Abbiamo chiesto all’ing. Simona Iaropoli, quale responsabile del Comitato organizzatore del convegno ed esperta in logistica sanitaria, un approfondimento sull’evento.
Che importanza riveste il tema della logistica all’interno delle Aziende Sanitarie pubbliche?
«I beni sanitari all’interno delle aziende sanitarie rappresentano la seconda voce di spesa dopo il personale, quindi la loro gestione rappresenta un asset molto importante. Detenere il controllo di una corretta gestione dei beni è fondamentale per il corretto svolgimento del processo di cura del paziente ed è altresì importante per gli adempimenti che devono essere trasmessi all’esterno, tra cui il bilancio, i flussi ministeriali e la restituzione alla corte dei conti.»

Quali sono secondo Lei i principali temi emersi durante l’evento?
«Molteplici sono le tematiche affrontate durante l’evento dai relatori, dall’analisi di ogni fase che riguarda la supply chain al layout di magazzino, dalla tecnologia impiegata alla tracciabilità dei beni. Ma soprattutto quello che è importante è che si sono condivisi i dati e i risultati di ognuna delle esperienze illustrate.»

Durante l’evento si sono messi a confronto vari modelli; quale è secondo Lei il modello di maggiore interesse per le Aziende Sanitarie ed in particolare, è meglio pensare solo alla macro logistica oppure è auspicabile un’integrazione tra micro e macro logistica?
«L’evento in questione ha descritto i diversi modelli organizzativi delle realtà che hanno intrapreso da diversi anni un percorso di razionalizzazione della logistica e che sono ormai maturi per poter trarre le somme. È importante sottolineare che non esiste un modello “one best way” a cui tutti si debbano ispirare, ma che ognuno ha delle peculiarità diverse, diversi punti di forza e diversa adattabilità a seconda del contesto. Chiaramente un modello integrato su tutto il processo è un modello auspicabile, ma è sempre opportuno stimare a monte i costi e i benefici delle implementazioni che si intendono realizzare.»

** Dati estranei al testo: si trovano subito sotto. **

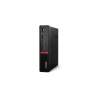 Персональный компьютер Lenovo ThinkCentre M715 Tiny (2nd Gen) для бизнеса Desktop CPU Ryzen 3 2200GE 3200 МГц 8Гб DDR4 2666 МГц 256Гб AMD Radeon Vega 8 Graphics встроенная нет DVD ENG RUS без ОС черный Аксессуары в комплекте USB Calliope Keyboard, USB Calliope Mouse 10VG002NRU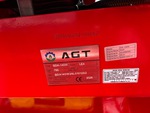 General Appearance with Numéro de série/Numéro d'identification du véhicule automobile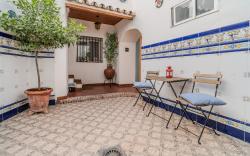 Calleja de La Pimentera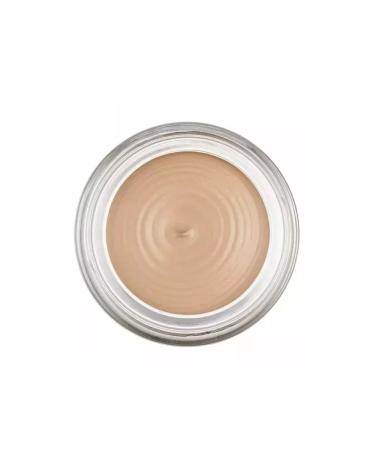 Maybelline New York Dream Matte Mousse 21 Nude Tonal Facial Cream - Buy Online on GoSupps.com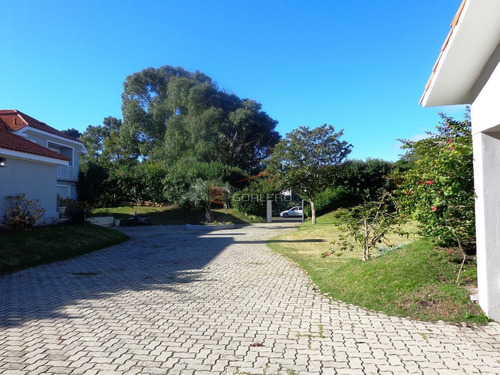 Imagen 28 de 30 de Magnífica Casa En Venta Y Venta Temporal En Punta Del Este, Brava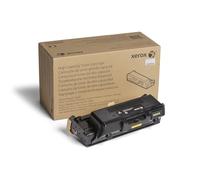 Xerox Originales Phaser 3330 / Workcentre 3335 / 3345 Noir Haute Capacité Cartouche de Toner (8,500 Pages) - 106R03622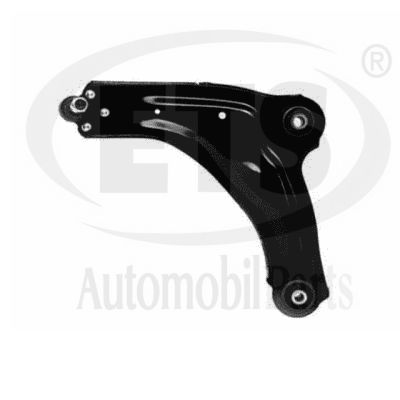 Control/Trailing Arm, wheel suspension (22.TC.288)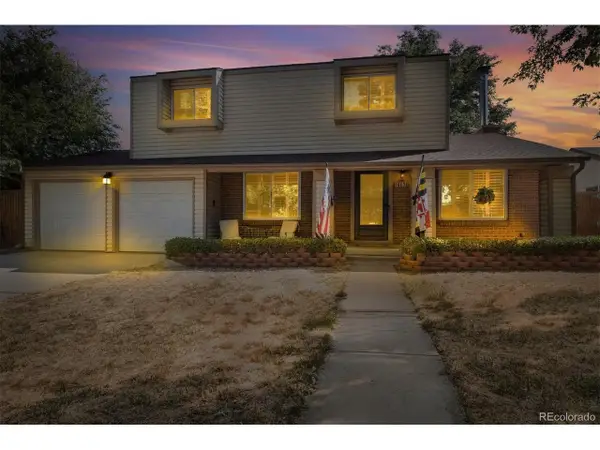 4638 S Kittredge St, Aurora, CO 80015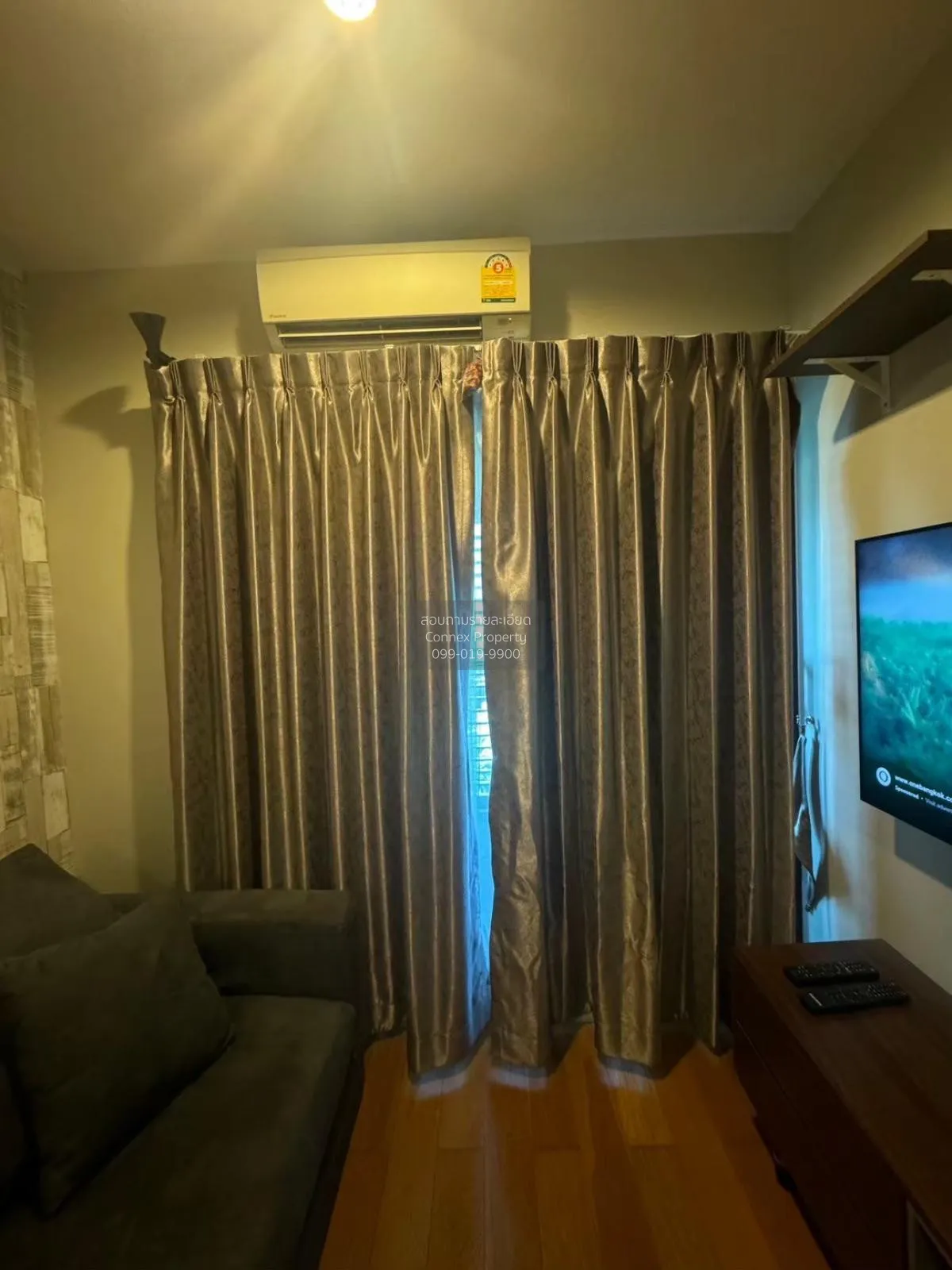 For Rent Condo , Condolette Dwell Sukhumvit 26 , BTS-Phrom Phong  2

A rappresentare il punto di vista dei fornitori al convengo era presente anche Idealservice, da anni partner di aziende sanitarie nella fornitura di servizi in outsourcing. Il personale tecnico di Idealservice ha portato al tavolo la propria esperienza nel settore e illustrato il nuovo progetto aziendale di gestione dei beni sanitari, che ha l’obiettivo di migliorare l'efficienza e l’efficacia del processo sia a livello di macro- che di micro-logistica. Ciò attraverso la reingegnerizzazione e riorganizzazione dei flussi fisici di beni sanitari ed economali, con particolar attenzione all’attività di stoccaggio e di distribuzione dei beni presso le varie unità operative, i presidi e le strutture ospedaliere, grazie all’introduzione di livelli ottimali di automazione. Il tutto sempre in funzione delle reali esigenze del Cliente, ponendosi come partner strategico in grado di migliorare la sicurezza, la qualità e la sostenibilità - anche economica - dei sistemi sanitari, con il fine ultimo comune di garantire la salute dei cittadini.